Doubtless Martin should have defied them and with his bride in his arms have gone forth into the night. But it seemed only a moment to graduation, to beginning his practice. He had Leora now, forever. For her, he must be sensible. He would return to work, and be Practical. Gottlieb’s ideals of science? Laboratories? Research? Rot!
“All right,” he said.
It did not occur to him that their abstention from love began tonight; it did not come to him till, holding out his hands to Leora, smiling with virtue at having determined to be prudent, he heard Mr. Tozer cackling, “Ory, you go on up to bed now—in your own room!”
That was his bridal night; tossing in his bed, ten yards from her.
Once he heard a door open, and thrilled to her coming.
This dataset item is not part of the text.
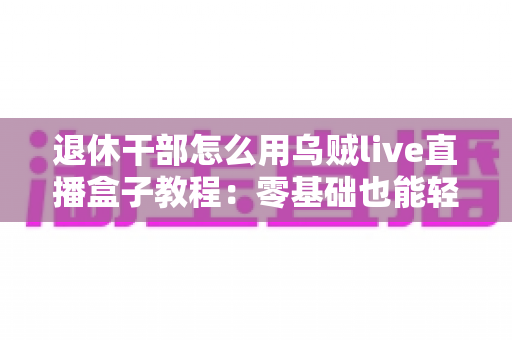 退休干部怎么用乌贼live直播盒子教程:零基础也能轻松开播的实用指南 退休干部怎么用乌贼live直播盒子教程:零基础也能轻松开播的实用指南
He waited, taut. She did not come. He peeped out, determined to find her room. His deep feeling about his brother-in-law suddenly increased. Bert was parading the hall, on guard. Had Bert been more formidable, Martin might have killed him, but he could not face that buck-toothed and nickering righteousness. He lay and resolved to curse them all in the morning and go off with Leora, but with the coming of the three-o’clock depression he perceived that with him she would probably starve, that he was disgraced, that it was not at all certain he would not become a drunkard.
“Poor kid, I’m not going to spoil her life. God, I do love her! I’m going back, and the way I’m going to work—Can I stand this?”
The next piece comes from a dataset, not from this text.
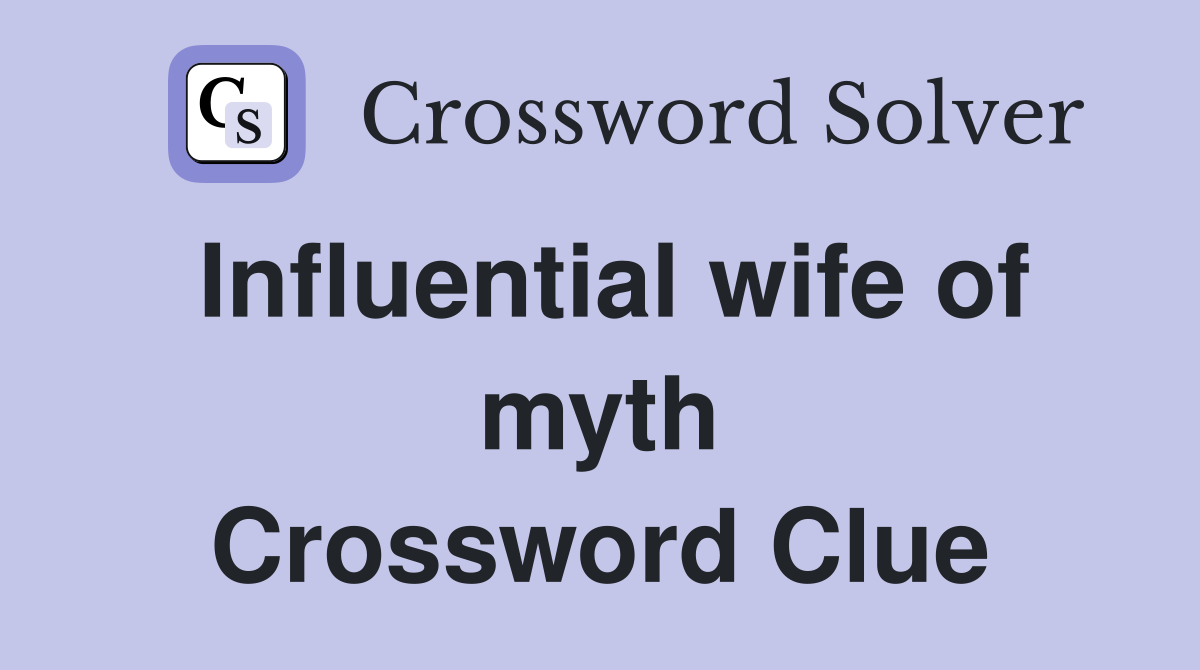 Influential wife of myth Crossword Clue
That was his bridal night and the barren dawn.
Three days later he was walking into the office of Dr. Silva, dean of the Winnemac Medical School.
X IDean Silva’s secretary looked up delightedly, she hearkened with anticipation. But Martin said meekly, “Please, could I see the dean?” and meekly he waited, in the row of oak chairs beneath the Dawson Hunziker pharmaceutical calendar.
When he had gone solemnly through the ground-glass door to the dean’s office, he found Dr. Silva glowering. Seated, the little man seemed large, so domed was his head, so full his rounding mustache.
“Well, sir!”
Martin pleaded, “I’d like to come back, if you’ll let me. Honest, I do apologize to you, and I’ll go to Dr. Gottlieb and apologize—though honest, I can’t lay down on Clif Clawson—”
Dr. Silva bounced up from his chair, bristling. Martin braced himself. Wasn’t he welcome? Had he no home, anywhere? He could not fight. He had no more courage. He was so tired after the drab journey, after restraining himself from flaring out at the Tozers. He was so tired! He looked wistfully at the dean.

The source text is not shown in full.